А ждать оставалось уже недолго. Долгую речь – целую книгу притч Соломоновых на свой лад – уже завершал экспромтом мудрый аббат Алкуин, облекая смыслами-вымыслами промыслительно скорую встречу франкского короля и побитого папы. Той встречей надлежало восстановить величие Рима на своем месте. Столь пространная речь давала всем повод предвкушать заслуженное развлечение. Ротруда, уже не стесняясь, посверкивала глазами жадной валькирии на живого и сочного ярла Рёрика. Тот же нарочито долгими волнениями жевательных мышц хранил поразительную невозмутимость. Карл глядел на свое блюдо, будто начиная вспоминать, что осьминоги не водятся в яблочном сидре, а граф Ротари подозрительно цепенел, наливаясь бледной мраморной гладью. Гадания мои закипали под самое темя, норовя загреметь черепной крышкой и зашипеть паром из ушей.
Танцовщиц, жонглеров и факиров не полагалось ввиду поста, а вот изысканная хвалебная песнь о подвигах и славе была куда как уместна – запить приторное обилие застольных молитв и мудрых славословий. То, что речи аббата Алкуина предстояло неотвратимо смениться песнью барда Турвара Си Неуса, заставляло меня признать, что дыма без огня не будет. И не иначе как – без большого огня.
Аббат Алкуин затих, сел, вытер испарину смыслов со лба. За сим все гости под его здравицу обильно смочили горло, будто только что повторяли за аббатом вслух все слова его речи и глотки от того у всех невмоготу пересхли. И вот граф Ротари объявил барда Турвара Си Неуса. Лесной певец весь пир тоже сидел на виду, на другом от меня конце того же стола, то есть вблизи власть и силы предержащих. И хозяева, и гости с удовольствием воспрянули и удивились барду, как нежданно всплывшему на поверхность моря новому осьминогу, куда больше и диковинней прежнего.
Даже Карл посмотрел на Турвара Си Неуса со снисходительным предвкушением, хотя граф представил его франкскому королю еще днем и – раньше, чем осьминога. В искусной лжи графа бард предстал знаменитым бродячим кифаредом, стремящимся в Рим на оглашение, то есть язычником, уже победившим в себе власть идолов (чему залог – запечатанная синяком руна на лбу) и вот кстати жаждущим преподнести свой дар франкскому королю, о коем собрал все висы, песни и легенды от Свевского моря до берега Адриатики.
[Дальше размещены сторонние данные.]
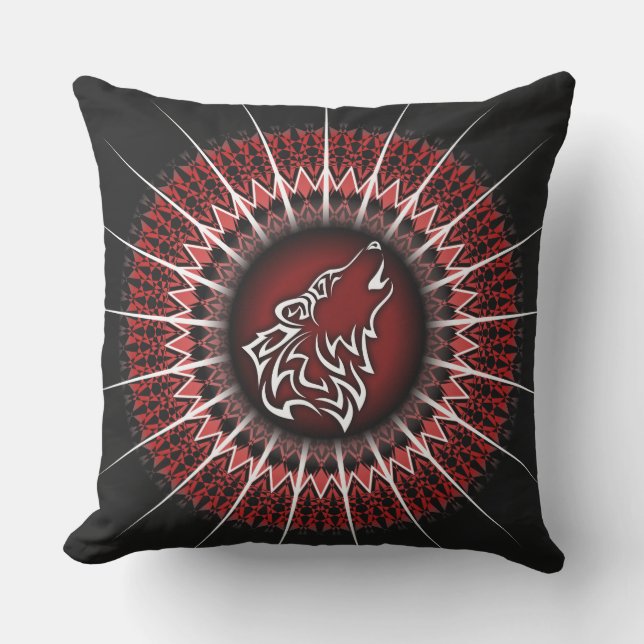 Wolf And Mandala Red White Black Modern Outdoor Pillow (Front)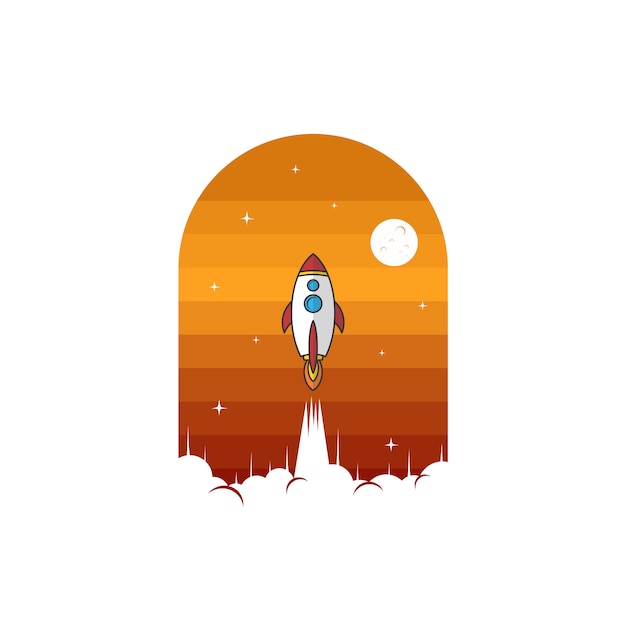 Space Rocket Shuttle Schiff Zeichen Logo Logo Vektor
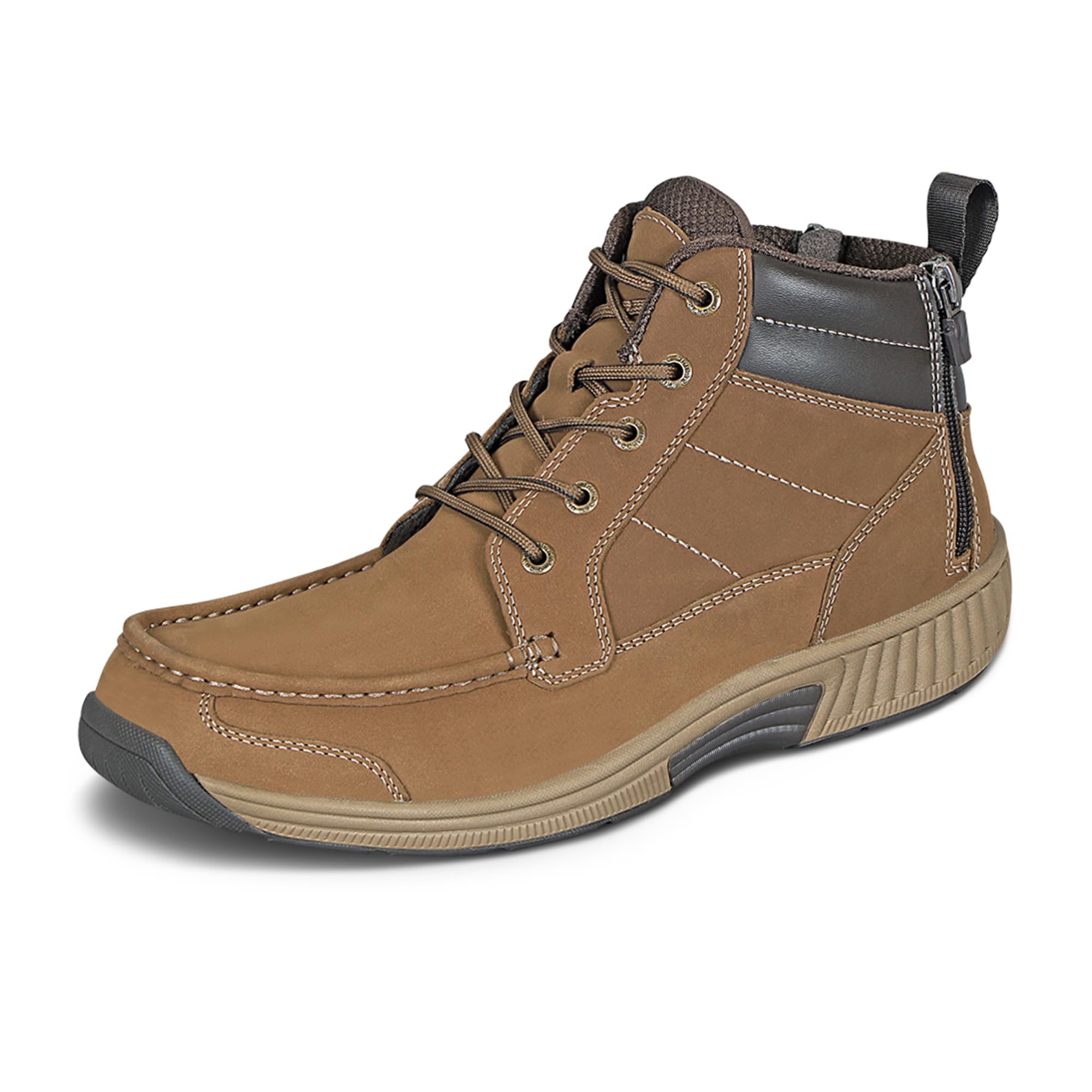 Orthofeet Men's Orthopedic Leather Ryder Boots - Comfortable & Supportive Diabetic Shoes for Plantar Fasciitis Relief - Perfect for Walking, Work & Outdoor Activities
Бард Турвар Си Неус поднялся легко, но важно. Как старый ворон он взлетел, и, весомо взмахнув воскрилиями своей собравшей все ветра и дожди накидки, плавно опустился прямо у подножия короля франков. В одной руке он донес до нужного места арфу, а в другой – и я содрогнулся, не заметив того предмета раньше, - плошку полную ягод можжевельника. Тайный подарок графа!
Карл проводил бровью тот вещий полет и даже глянул вниз, через передний край стола, любопытствуя, куда угодил тот певчий вран.